Using Google App Engine Safely

This document lists the security requirements for developing applications in Python or Java on the Google App Engine platform. We include examples that demonstrate how to implement these requirements.

The audience for this document is external vendors developing applications for Google.

Generic Security & Privacy Requirements

In addition to the requirements specific to App Engine, you must also follow the relevant guidelines in the Google Partner Security Documentation. Also note that this document only applies to classic App Engine, as the App Engine Flexible Environment may not be used at this time.

App Engine Security & Privacy Requirements


App Engine provides three roles with different levels of access to the Administration Console: Viewer, Developer, and Owner. While Owner and Developer are especially powerful because they can modify the application code, even the Viewer role has access to logs (which may contain data such as IP addresses). You must diligently control all three roles.

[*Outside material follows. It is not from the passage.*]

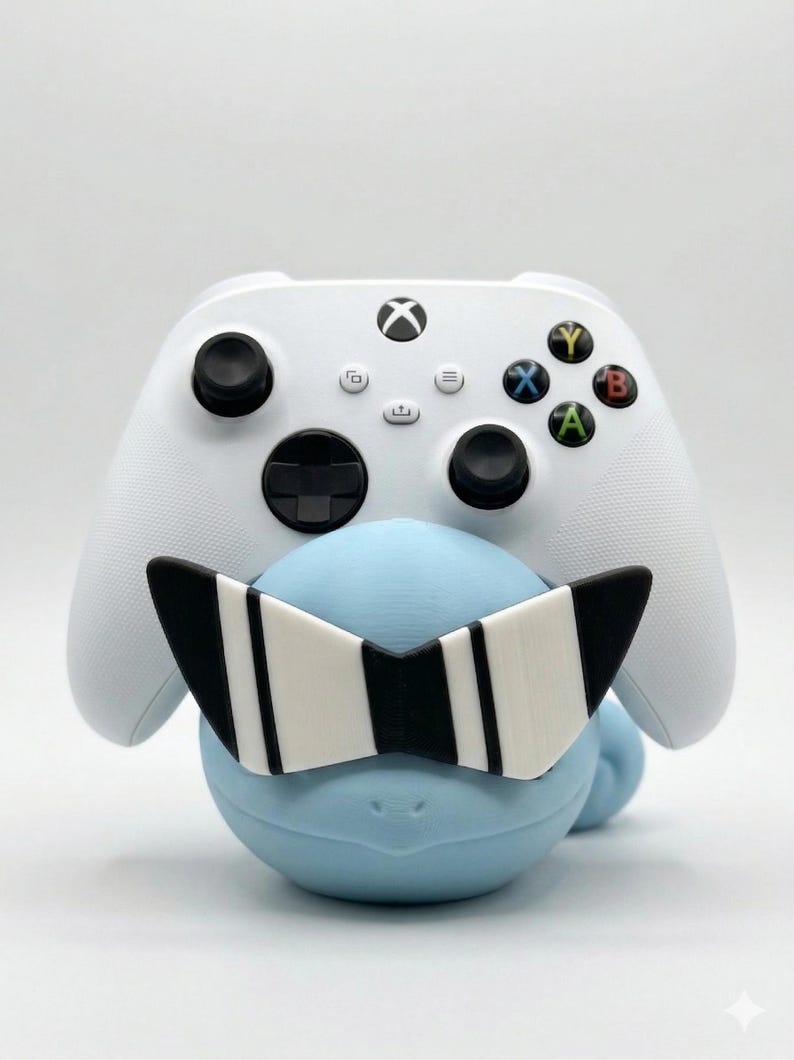 Puede incluir: Un mando blanco de Xbox descansa sobre una figura azul claro que lleva gafas de sol a rayas blancas y negras. El mando tiene joysticks negros y botones de colores. La figura tiene una forma suave y redondeada.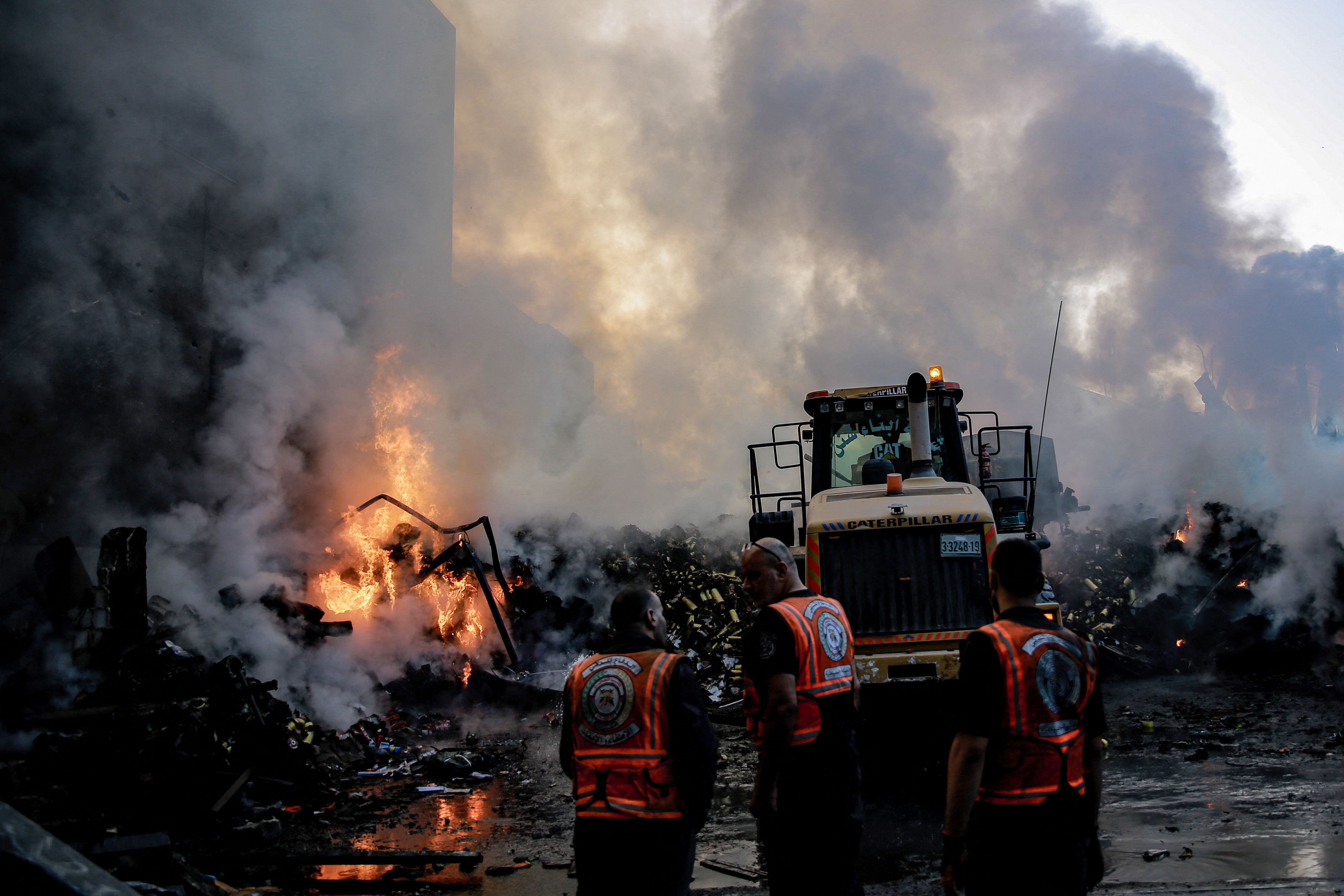 Smoke and fire rise from buildings as rescuers gather amid the destruction in the aftermath of an Israeli strike on Gaza City on October 26, 2023, as battles continue between Israel and the Palestinian Hamas group.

For applications that process user data, you must limit administrative access to corporate-managed GSuite (formerly Google Apps) accounts; that is, no @gmail accounts.

2-step verification must be enabled for administrative GSuite accounts.


Using a non-standard authentication mechanism is more work than reusing an existing library/API, and almost always results in big security blunders. Use OAuth or the Users API to keep your application and your data safe.

Authentication must be done via the Users API (Python, Java) or OAuth (Python, Java).

If you choose to use the Users API (preferred), be careful with the user ID. Exposing raw user IDs could allow someone with malicious intentions to associate a user's activity in one app with activity in another, or obtain their email address.

Do not publicly expose the user ID obtained via Google Accounts API.

Even for administrative access, you must not create or use custom authentication schemes (including ones bundled with application frameworks such as Django).

Do not rely on secret URLs or custom authentication schemes to access non-standard administrative, management, reporting interfaces, or beta versions of the service.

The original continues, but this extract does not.